When a company buys a new fleet of delivery trucks, it can predict with reasonable accuracy how much more revenue it will generate by delivering more goods more quickly to more customers. That can make it easier to justify the investment. It’s rare, however, to find a CIO who can produce similar numbers for IT investments.
“As recently as two years ago, companies made IT investments to reduce cost, enhance productivity or solve specific business challenges,” says Thomas Pisello, president and CEO of Alinean, an Orlando, Fla.-based valuation consultancy. “Now with today’s economic climate, CIOs are under a lot of pressure to justify that budget and put a measure on value that may not be obvious.”
One way to make the value of IT more obvious is to adopt a logical, repeatable framework?a valuation methodology. This framework helps identify and nurture those investments that ultimately contribute directly to the financial health of the organization. CIOs who have adopted these models say that they help establish a clear connection between IT and business strategy, link technology initiatives to shareholder value, facilitate negotiations with the CFO, and ultimately help them get more money for IT and spend it where it does the most good.

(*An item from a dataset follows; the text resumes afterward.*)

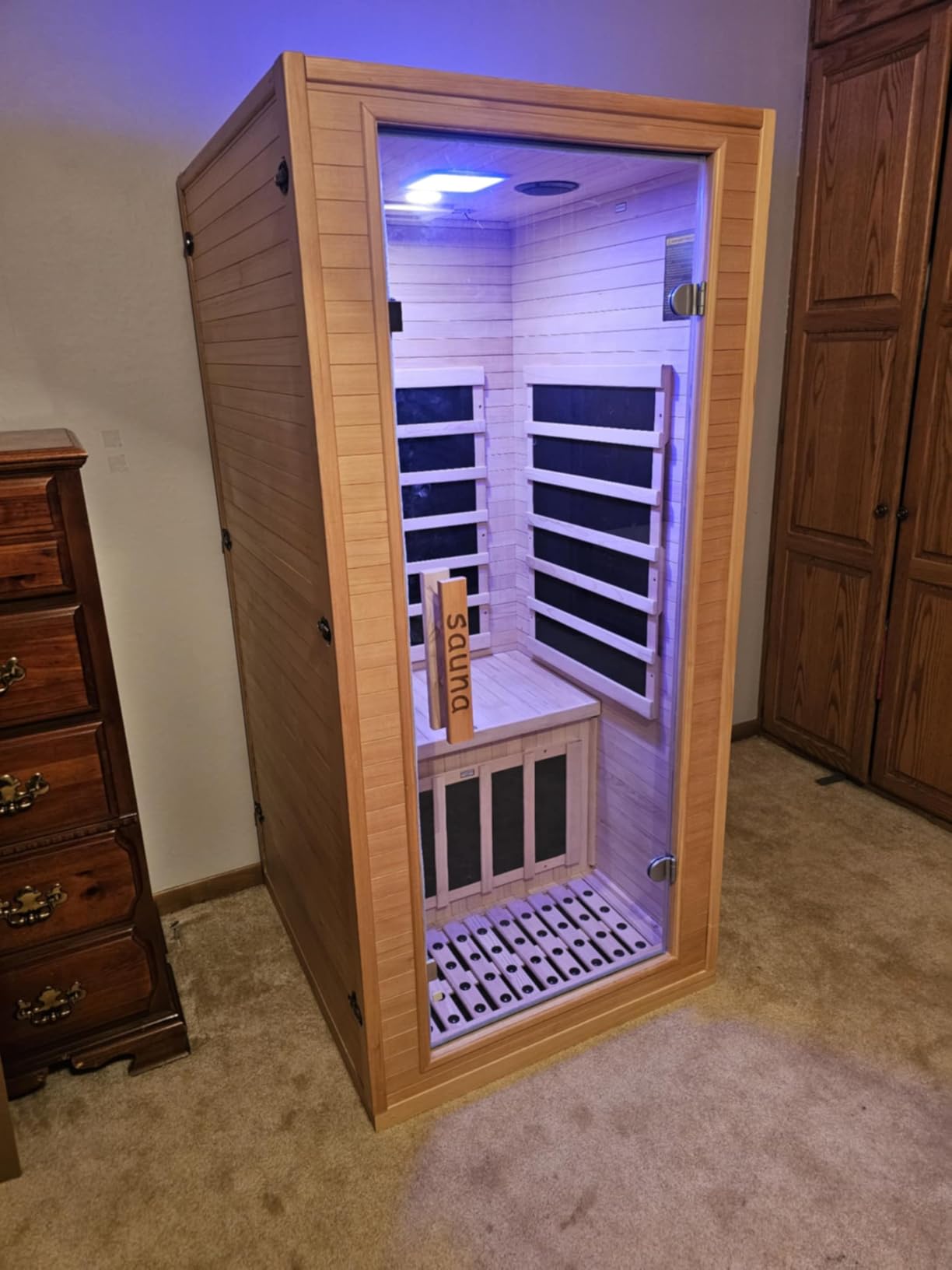 Homsido Infrared Home Sauna Room 1 Person Hemlock Wooden Indoor Dry Sauna，Low EMF 1200W/110V Heaters Panels,LCD Control Panel,10 Minutes Pre-Warm up,Time and Temp Pre-Set,1-Year Aftersale customer photo 1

IT managers have it especially difficult when the business discussion moves from the subjective to the objective. Technology investments are often more expensive than they first appear, and the value they deliver is more difficult to measure. “IT buying is fundamentally more complex because of the range and quantity of inherent hidden costs and soft benefits,” says Pisello.
For sanity’s sake, we’ve divided the major methodologies into three categories: traditional, qualitative (also called heuristic) and probabilistic. Some techniques, like Economic Value Added (EVA), are more akin to building blocks than methodologies. Others, like Balanced Scorecard, try to be full-blown performance-management systems that cover everything from goal setting to incentive compensation. Whatever methodology you choose, keep in mind that the overarching goal of valuation is simple?to draw a direct line between IT investments and the enterprise’s bottom line.
Which One Is for You?
We’ve zeroed in on each plan as best we can, but it’s simply not possible to make a statement like, Portfolio Management is best suited for Web-based pizza delivery businesses. Choosing a valuation plan has at least as much to do with the way you, your department and your organization operate as it does with the individual merits of each approach, practitioners say.
Take a good look at how other functions in your organization value their investments. Douglas Hubbard is one of several analysts who express frustration at IT’s occasional lack of perspective. “You don’t have to dummy your numbers down,” Hubbard insists. “It’s time for IT to catch up with the business side.”